Australian troops have halted any joint patrols with Afghan security forces. They believe that more “green on blue” attacks could be made in the wake of the US made anti-Islamic film ‘Innocence of Muslims’.
General John Allen, commander of the International Security Assistance Force (ISAF) had earlier directed all allied forces to end joint activities below battalion level. This comes after an upsurge in insider attacks on allied troops and widespread protests across the Middle East directed at western and in particular US diplomatic missions and businesses.
Australian Defence Minister Stephen Smith said some partnered activities in Afghanistan would still go ahead. The kind that could continue would involve 500 troops or more.
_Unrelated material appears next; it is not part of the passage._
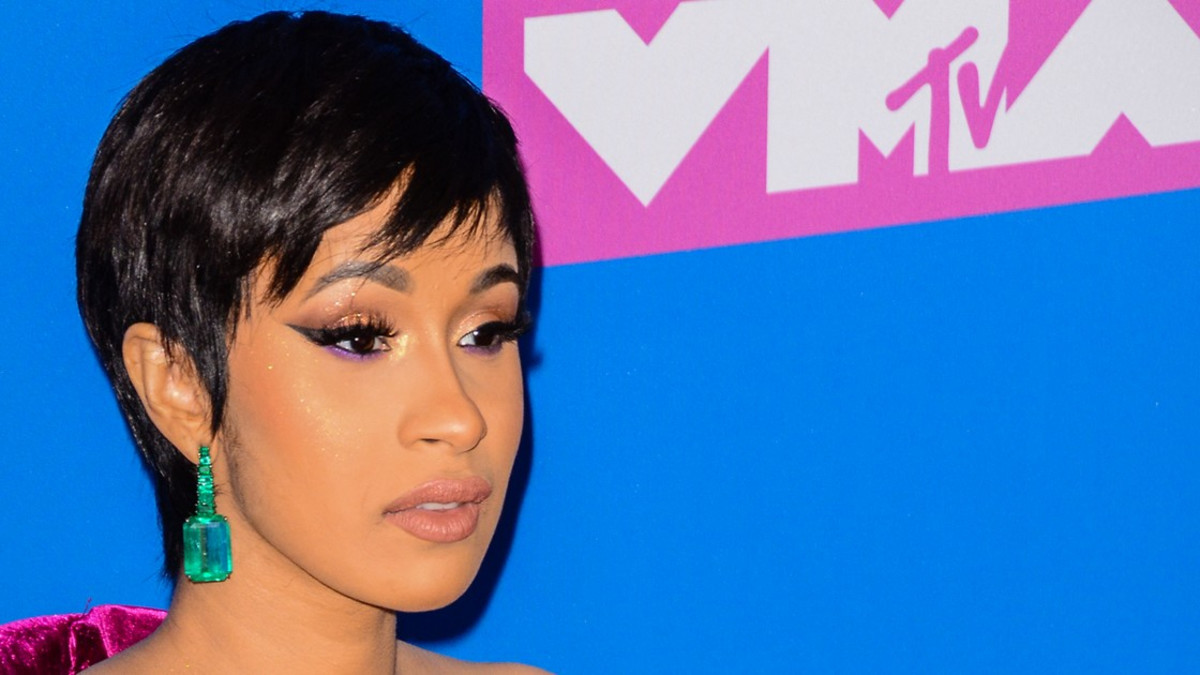 Nyt on kokoa! Tältä Cardi B näyttää rintaleikkauksen jälkeen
Any smaller operations would be looked at by regional commanders who would decide on an operation by operation basis if they should go ahead.
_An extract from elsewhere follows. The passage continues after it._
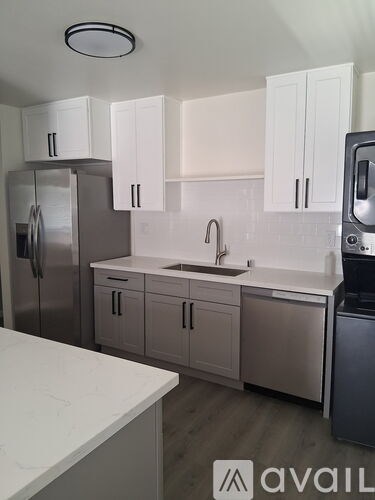 905 Mariposa Street 2 Beds Apartment for Rent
Smith told the Australian government that no joint patrols involving Australian troops below battalion (kandek) level had taken place so far this week. Mr Smith said that Australia was not “putting a timetable” on when other types of joint activities might resume but that talks were underway.
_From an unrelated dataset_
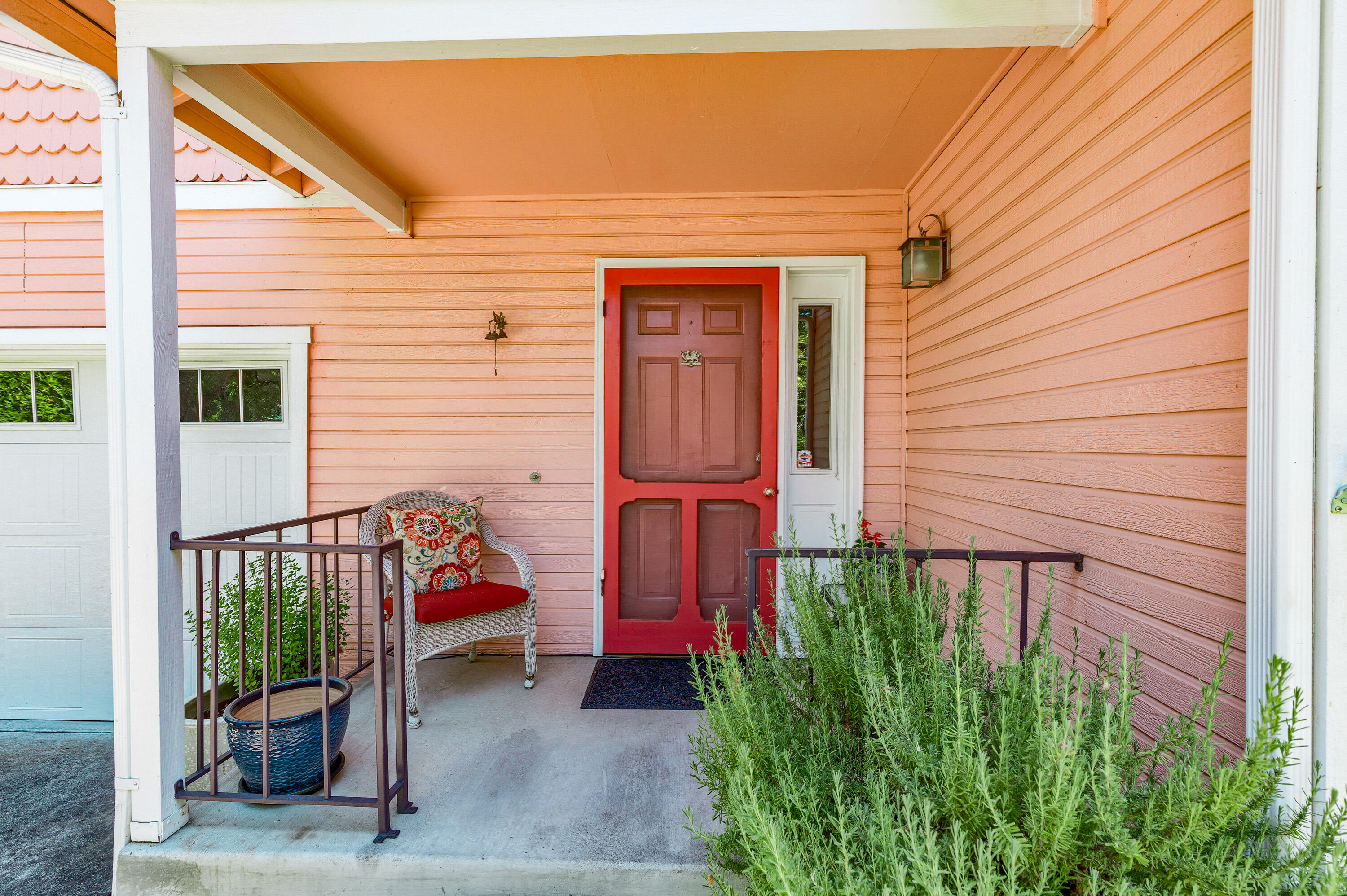 1364 Mill Pond Road Ashland, OR 97520 - Photo 5 of 38 Red screen door!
Smith said: "That will be an operational matter. In the meantime all commanders have been asked to review forces protection measures and to minimise risk against these so-called insider incidents."
Seven Australian soldiers have died in three attacks by rogue ANA soldiers, and on August 29 three were shot and killed in a single incident.
Christine Milne, the Australian Green Party leader, said Australian troops should be pulled out of Afghanistan completely. She claimed that there is no justification for them being there. She said that Australia had justified its troops being in Afhghanistan to ‘mentor’ Afghan troops until 2014 when they would take over the running of security in their own country themselves. Now she said it seems the Australian government says that it cannot trust the Afghan forces. Speaking to the press she said:
"It makes no sense - we need to bring our troops home as quickly and as safely as possible".
Chris Evans, Australian Senate leader, said the ISAF directive was temporary and didn't undermine the mission.